HOANG Cong Duy Vu's research logs: 2013

Saturday, 16 November 2013

CMPH

Intro: A perfect hash function maps a static set of n keys into a set of m integer numbers without collisions, where m is greater than or equal to n. If m is equal to n, the function is called minimal.

Sunday, 10 November 2013

HandAlign

Link: http://www.umiacs.umd.edu/~hal/HandAlign/index.html
Intro: a tool to assist manual alignment in MT, summarization, ...

Thursday, 7 November 2013

Pure for simple CSS

Link: http://purecss.io/
Intro: A set of small, responsive CSS modules that you can use in every web project.

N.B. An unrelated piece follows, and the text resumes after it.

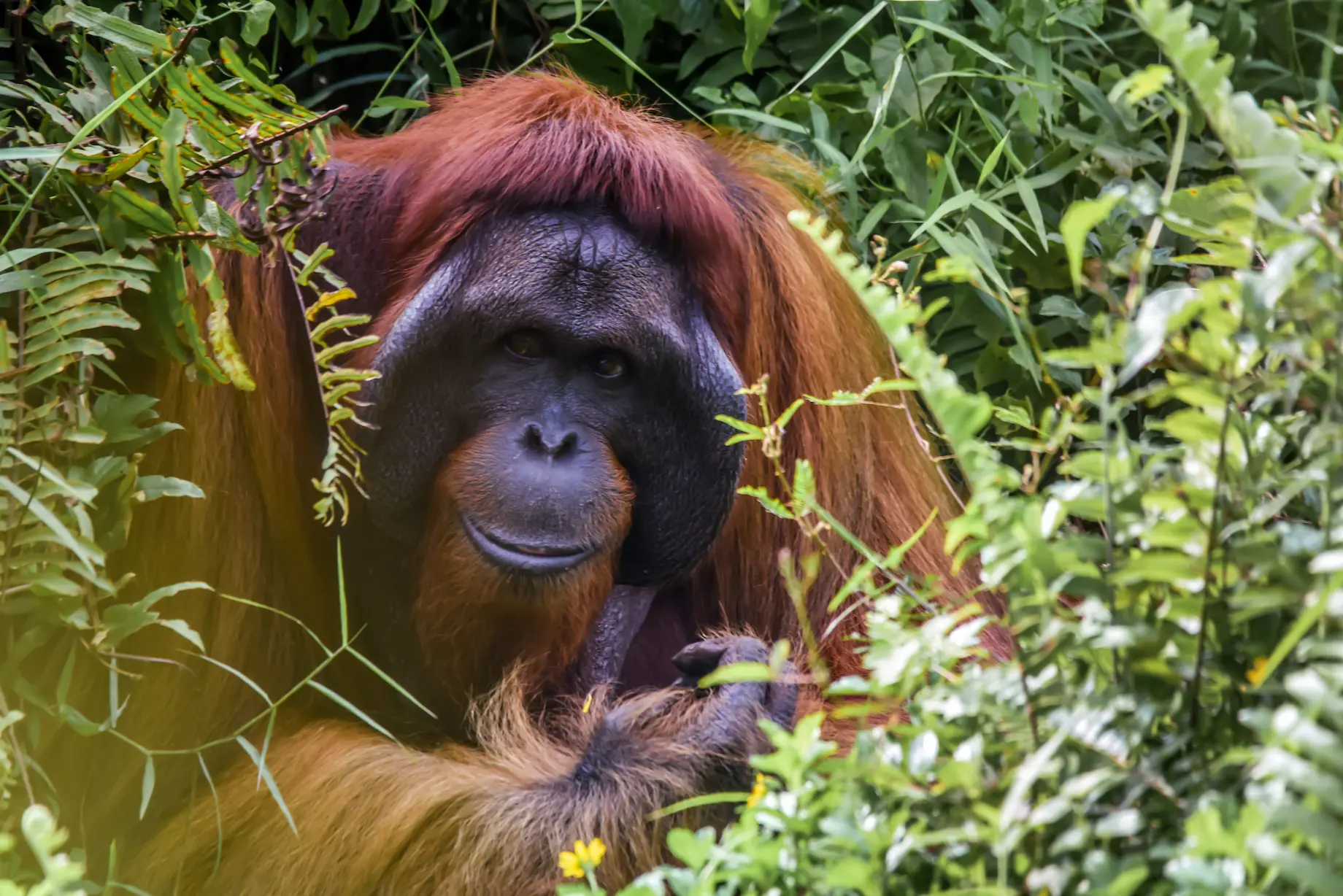 Safari en Borneo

Wednesday, 30 October 2013

Kaggle

Link: http://www.kaggle.com/competitions
Intro: A platform for paid problem solving around the world.

Monday, 7 October 2013

pialign - Phrasal ITG Aligner

Link: http://phontron.com/pialign/

Intro: pialign is a package that allows you to create a phrase table and word alignments from an unaligned parallel corpus. It is unlike other unsupervised word alignment tools in that it is able to create a phrase table using a fully statistical model, no heuristics. As a result, it is able to build phrase tables for phrase-based machine translation that achieve competitive results but are only a fraction of the size of those created with heuristic methods.

*** Note: pialign can extract very compact phrase table directly from unaligned parallel data. This is may be very helpful for SMT system in mobile environment.

Wednesday, 2 October 2013

Source Code Search

Links:
1) http://www.programmableweb.com/apis/directory
2) http://code.ohloh.net/
3) http://runnable.com/

Tuesday, 24 September 2013

Tree visualization with Treebolic

Link: http://treebolic.sourceforge.net/en/index.html

Intro: Treebolic is a Java component (widget) whose purpose is to provide a hyperbolic rendering of hierarchical data.

A tree is rendered with nodes and edges but display space is subject to a particular curvature (hence the name) : more space is allocated to the focus node while the parent and children, still in the immediate visual context, appear slightly smaller. The grandparents and grandchildren are still visible but come out even smaller. As we move away from the focus node, less display space is allotted to the nodes, which gradually disappear towards the disk's border, as though the whole hierarchy were seen through a fisheye lens.

Wrapped as a Java applet, the Treebolic widget can be embedded in a web page. Nodes may then contain hypertext links and the browser to other web pages.

The tree is dynamic (animation brings the focus node to the center) and responds to user interaction.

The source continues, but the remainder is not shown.